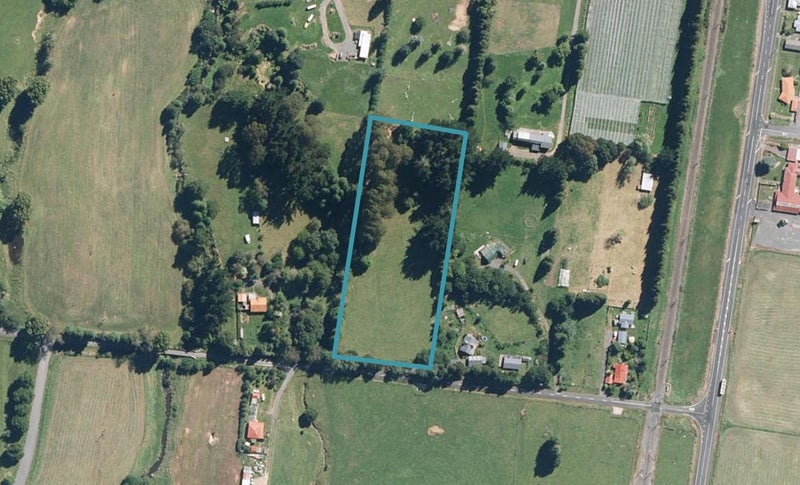 0 Kawautahi Rd, Owhango - Carousel 1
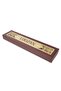 Platinum Perfume Gift Box | Premium Unisex Arabic Fragrance - 4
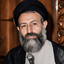 Profile picture of ‌یازهرا (سلام‌الله‌علیها)‌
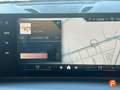 BMW X1 xDrive20d Blanco - thumbnail 21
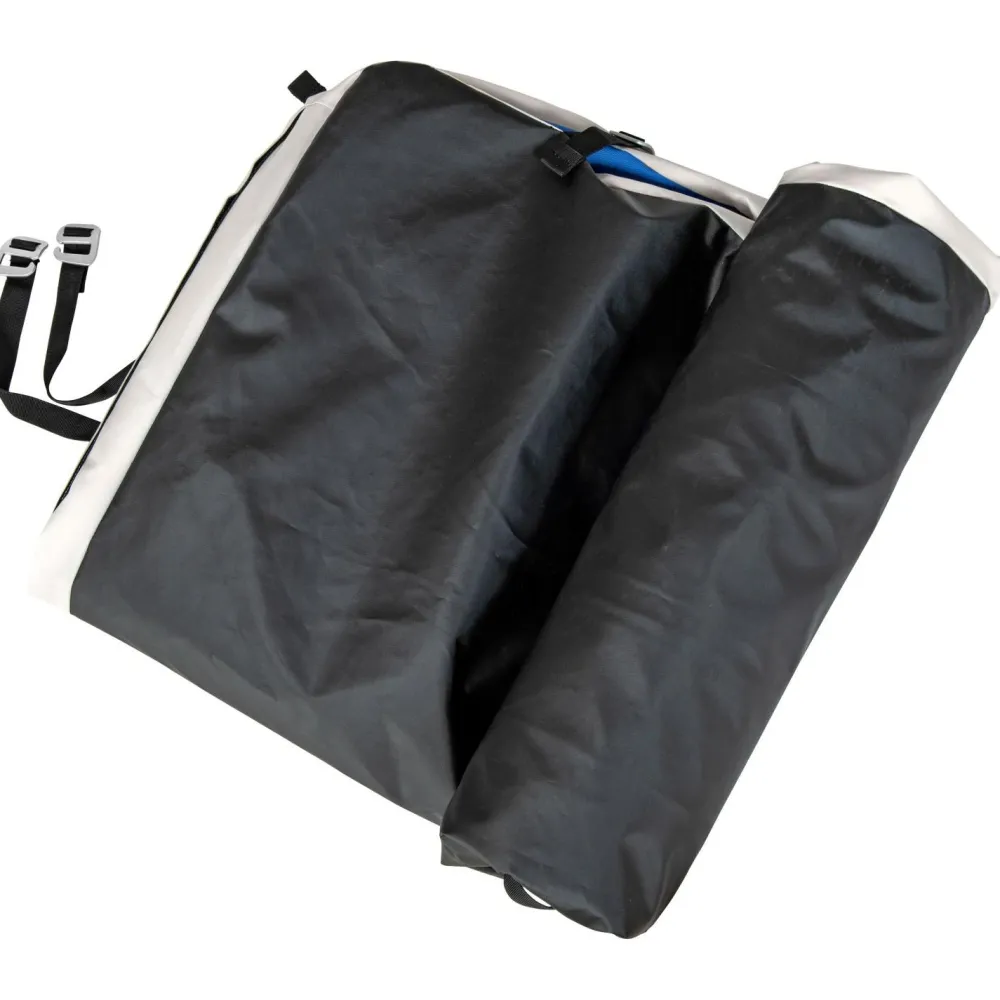 - Air Shock 1 - Crashpad < Snap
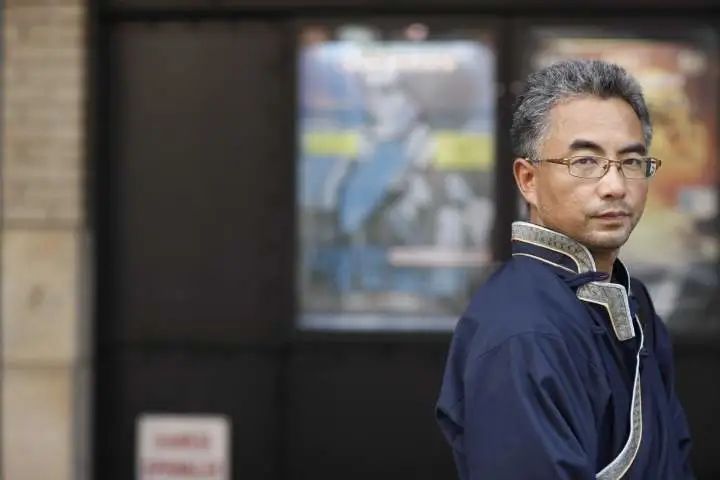 » 14、藏族导演万玛才旦病逝，终年53岁5月8日，据多位电影人士确认，藏族导演万玛才旦去世，终年53岁
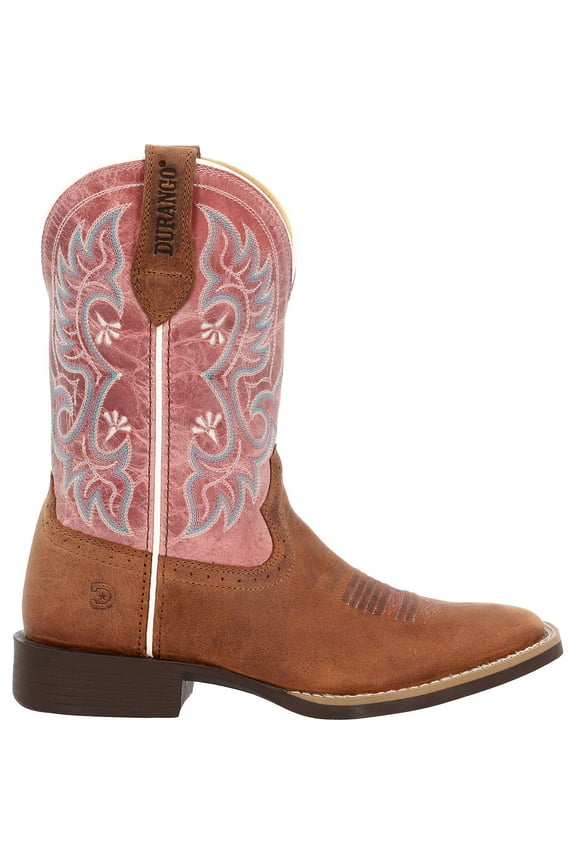 ® Women's Shyloh Western Boot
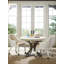 Ocean Breeze Bayview Arm Chair-58143488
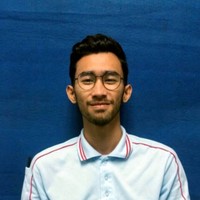 Wan Hafizuddin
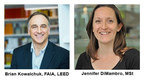 Annual Lab Design Conference to Reveal Hot Trends for the Future of Lab Design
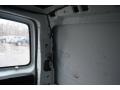 White - Express 3500 Cargo Van Photo No. 22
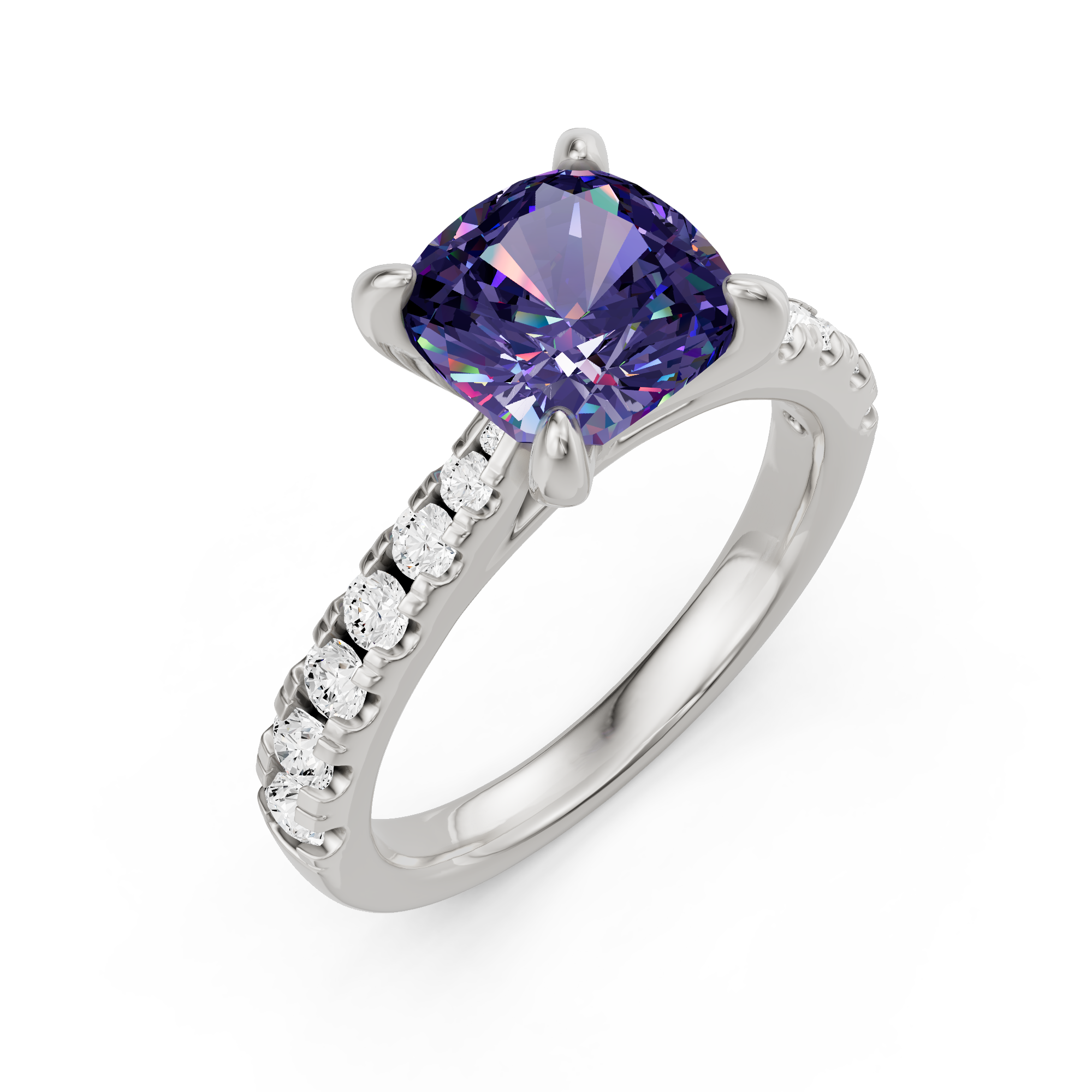 _roll_image@SKU:RG847-NCXC0300000PL #metal_platinum+origin_lab-created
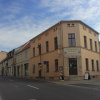 Отель Gästehaus Innfernow, фото 1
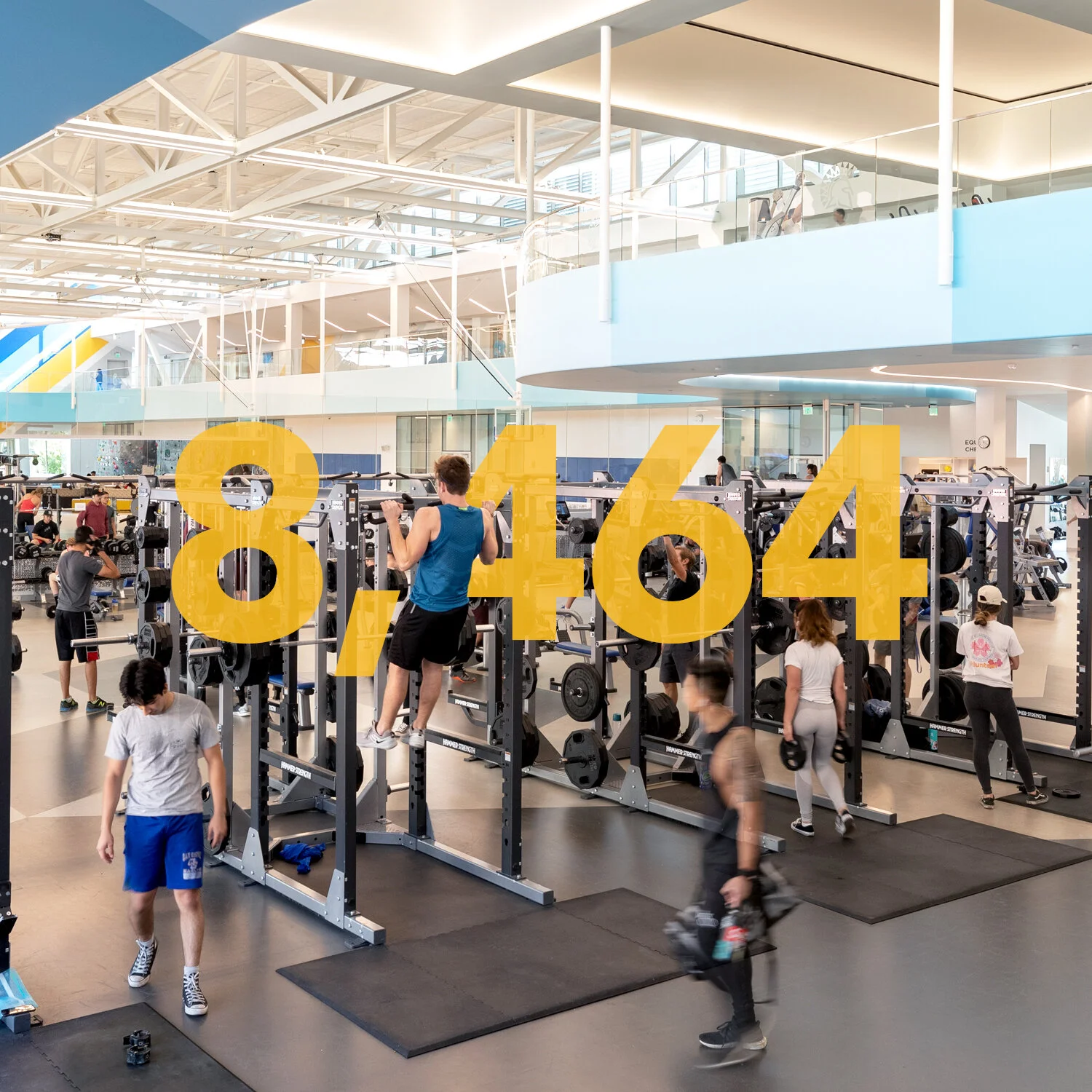 SRAC_Numbers Final.JPG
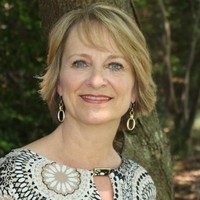 Leigh Ann Bennett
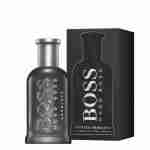 Perfume Hugo Boss Bottled Absolute - 100 ml - EDP - Hombre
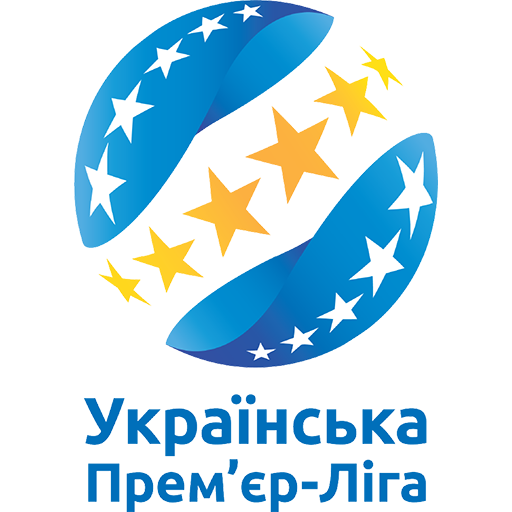 Ukrainian Premier League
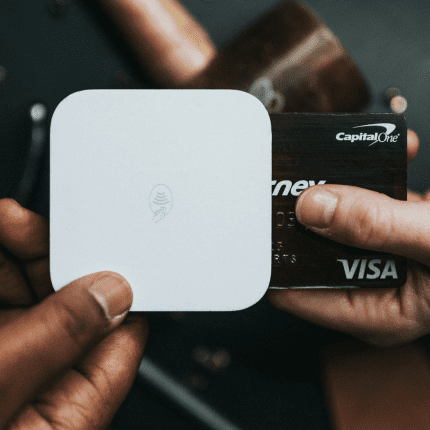 Mobile Banner Image representing Material's Uncover consumer emotions and motivations to illuminate the “why” behind the “what.”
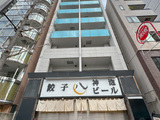 コンフォリア神田神保町 12階 1201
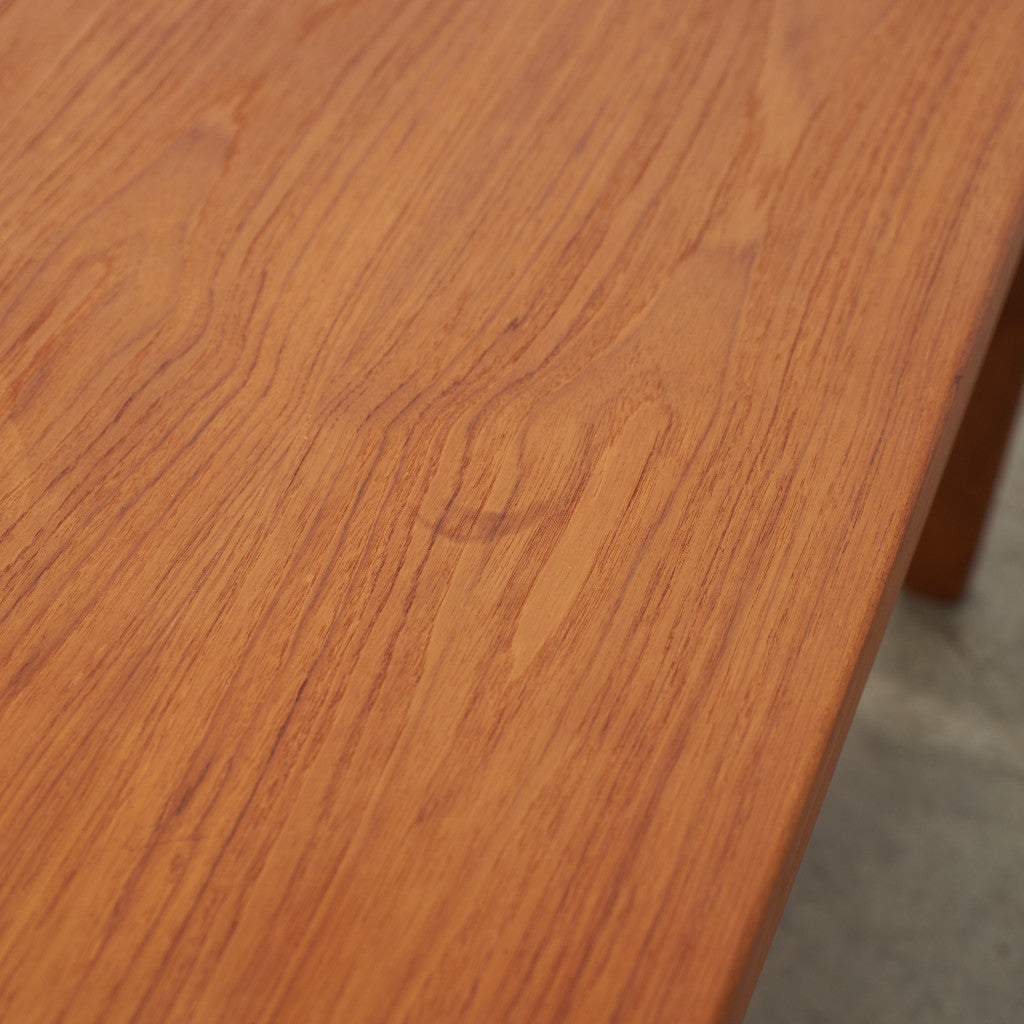 ヴィンテージ コーヒーテーブル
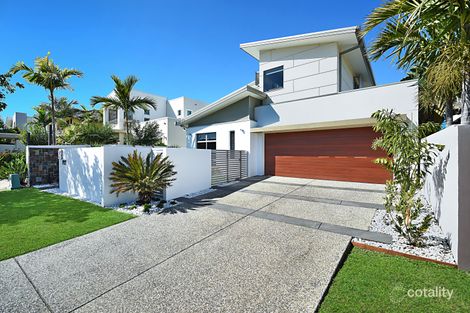 5 Coomera Ct, Helensvale, QLD 4212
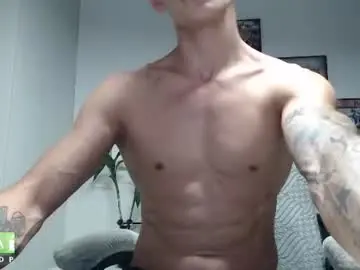 Chaturbate Private Sex Chat of rustynf1tz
* * *
▶ Task to carry out: Restate the material word for word; no picture should appear in the copy.

▶ Written answer:
 0 Kawautahi Rd, Owhango - Carousel 1
 Platinum Perfume Gift Box | Premium Unisex Arabic Fragrance - 4
 Profile picture of ‌یازهرا (سلام‌الله‌علیها)‌
 BMW X1 xDrive20d Blanco - thumbnail 21
 - Air Shock 1 - Crashpad < Snap
 » 14、藏族导演万玛才旦病逝，终年53岁5月8日，据多位电影人士确认，藏族导演万玛才旦去世，终年53岁
 ® Women's Shyloh Western Boot
 Ocean Breeze Bayview Arm Chair-58143488
 Wan Hafizuddin
 Annual Lab Design Conference to Reveal Hot Trends for the Future of Lab Design
 White - Express 3500 Cargo Van Photo No. 22
 _roll_image@SKU:RG847-NCXC0300000PL #metal_platinum+origin_lab-created
 Отель Gästehaus Innfernow, фото 1
 SRAC_Numbers Final.JPG
 Leigh Ann Bennett
 Perfume Hugo Boss Bottled Absolute - 100 ml - EDP - Hombre
 Ukrainian Premier League
 Mobile Banner Image representing Material's Uncover consumer emotions and motivations to illuminate the “why” behind the “what.”
 コンフォリア神田神保町 12階 1201
 ヴィンテージ コーヒーテーブル
 5 Coomera Ct, Helensvale, QLD 4212
 Chaturbate Private Sex Chat of rustynf1tz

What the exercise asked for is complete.